* [REQUIREMENT]
Find "X0000112951061200910051213" and "同性恋在柬埔寨做试管婴儿是合法的吗？费用这一块呢？" in the records below. Copy the lines holding them and every line between, exactly, and no others.

[Records from a dataset]
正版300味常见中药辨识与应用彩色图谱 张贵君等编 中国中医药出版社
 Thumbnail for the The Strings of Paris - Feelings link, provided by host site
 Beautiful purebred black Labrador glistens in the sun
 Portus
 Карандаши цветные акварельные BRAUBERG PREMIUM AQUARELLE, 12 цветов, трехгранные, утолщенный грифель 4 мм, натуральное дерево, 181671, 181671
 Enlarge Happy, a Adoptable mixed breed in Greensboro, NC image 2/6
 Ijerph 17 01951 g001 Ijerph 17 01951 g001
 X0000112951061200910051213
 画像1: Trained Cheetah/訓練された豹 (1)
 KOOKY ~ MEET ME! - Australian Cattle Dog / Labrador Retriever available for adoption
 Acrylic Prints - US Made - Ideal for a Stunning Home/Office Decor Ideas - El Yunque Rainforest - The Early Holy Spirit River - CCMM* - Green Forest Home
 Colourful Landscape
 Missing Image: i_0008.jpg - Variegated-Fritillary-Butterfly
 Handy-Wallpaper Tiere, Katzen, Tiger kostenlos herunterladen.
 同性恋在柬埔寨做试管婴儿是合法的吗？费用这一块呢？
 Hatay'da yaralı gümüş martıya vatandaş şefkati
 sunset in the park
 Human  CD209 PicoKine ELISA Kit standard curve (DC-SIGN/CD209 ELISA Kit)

* [ANSWER TO THE EXERCISE]
 X0000112951061200910051213
 画像1: Trained Cheetah/訓練された豹 (1)
 KOOKY ~ MEET ME! - Australian Cattle Dog / Labrador Retriever available for adoption
 Acrylic Prints - US Made - Ideal for a Stunning Home/Office Decor Ideas - El Yunque Rainforest - The Early Holy Spirit River - CCMM* - Green Forest Home
 Colourful Landscape
 Missing Image: i_0008.jpg - Variegated-Fritillary-Butterfly
 Handy-Wallpaper Tiere, Katzen, Tiger kostenlos herunterladen.
 同性恋在柬埔寨做试管婴儿是合法的吗？费用这一块呢？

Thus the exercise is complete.